Nevertheless, Kaplan's alleged lack of candor raises disturbing questions for the prosecution about his credentials as a witness. "His [Kaplan's] failure to disclose his status as a C.I. to his current interrogators is a clear indication of his desire to keep something secret," says an indignant Hayes. "The question is what.The crux of this case will be to answer that question." The defense attorney adds, "If he lied to the government in order to keep secret criminal activity to his profit or to whomever is holding his money, then his current testimony is worthless."

No less significant, Kaplan's previously undisclosed history of cooperation with the government focuses attention on another lingering mystery:Why was the initial investigation in 1994 into the two detectives' crimes-the most stunning allegations ever made in the history of the NYPD-shut down? Why were such incendiary charges not pursued for a decade?

The answer routinely dished out by police and federal agents is that there were no witnesses: Casso had proved unreliable, and Kaplan was a hard case from the old school, a man who would never betray anyone. The law-enforcement party line on Kaplan was succinctly articulated in March by a source quoted in a Daily News report: "The tough Jew who could never be accepted as a member of the Mafia held to his own principles and honor."

However, according to what two retired New York police officials and an active federal agent have told Vanity Fair, Kaplan had a history of compromising his "principles and honor" in return for government deals. Did either the FBI or the police, agencies with direct knowledge of Kaplan's role as a government informant, truly pressure him to testify against Eppolito and Caracappa?

"I can't believe that he was offered a deal in 1998 and refused it," says Robert DeBellis, who as the former head of the FBI cargo-theft unit in West Paterson, New Jersey, knew Kaplan well. "If it was either [Kaplan] or someone else going to prison for twenty-seven years, he wouldn't have hesitated for a second."

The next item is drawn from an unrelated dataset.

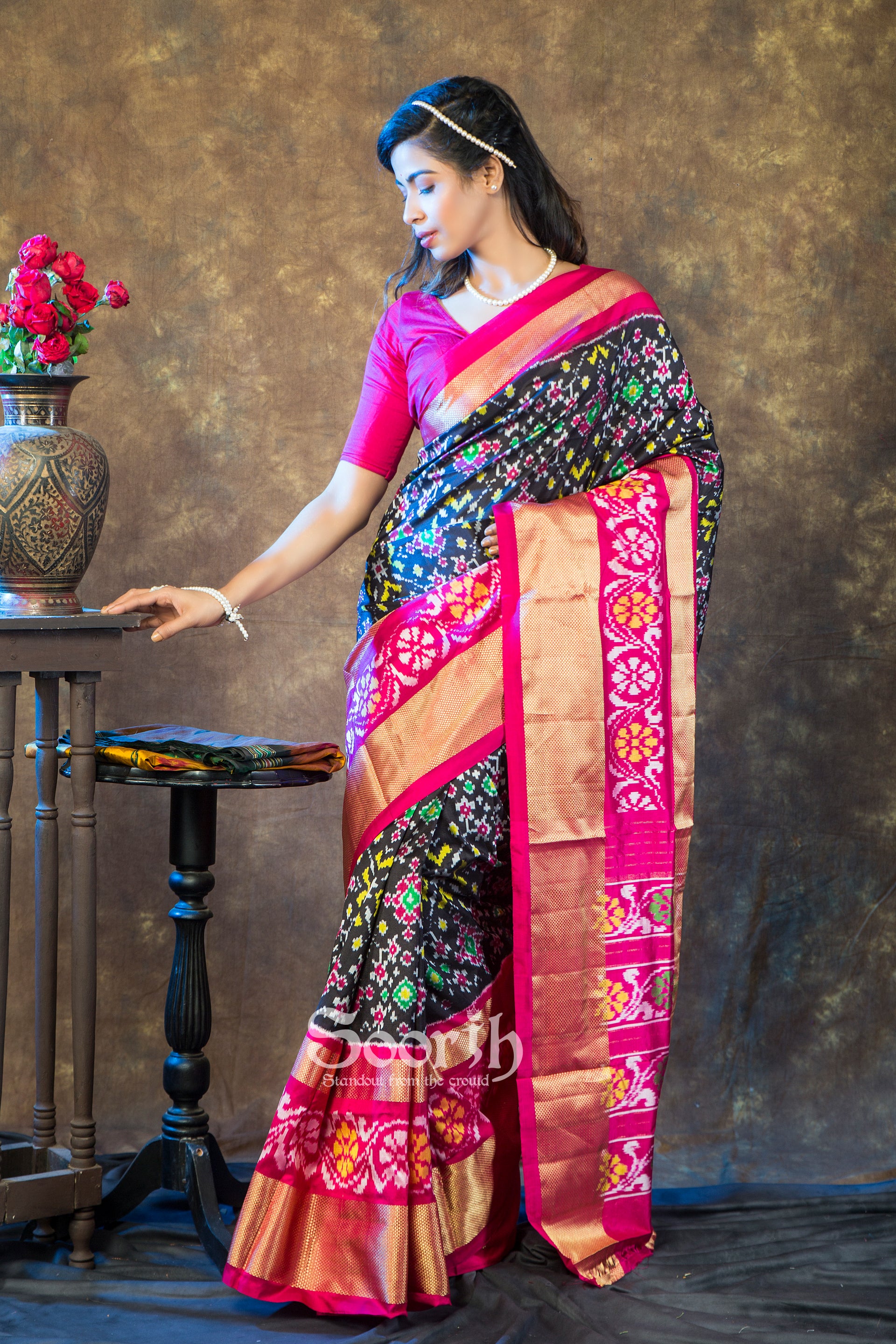 Black Rani Double Warp Navratna Patola Silk Saree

One of the principal lawyers who defended Kaplan in his marijuana-trafficking case agrees that there was never a concerted effort to get his client's cooperation. "To my knowledge," he says, "there was never a formal deal on the table for Kaplan to roll over on the cops. It never got that far. The U.S. attorney said that they would like to sit down with him and talk. Kaplan said he wasn't interested and that was the end of it."Through his lawyers, Kaplan declined to comment.

But why did the police and FBI not actively attempt to get his testimony? Why did they, in effect, allow the case to die?

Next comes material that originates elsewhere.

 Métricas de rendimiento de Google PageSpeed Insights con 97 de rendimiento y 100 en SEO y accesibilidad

One theory being whispered in law-enforcement circles is that these agencies wanted the case to disappear. Casso, according to sources familiar with his debriefing sessions, had not merely incriminated the two city detectives but also made allegations about a corrupt FBI agent. And, police officials concede, Eppolito and Caracappa must have had "rabbis" in the department, officials who in the 1980s continued to give them promotions despite the flurry of suspicions.There were, some say, many reasons for powerful people to want the past to remain firmly past.

I want to bury my son," Betty Hydell has said, according to a report by Mob authority Jerry Capeci. "For nine years, whenever there is a body found or dug up, I always call the morgue.They have my son's dental records on file. I just want to bury my son."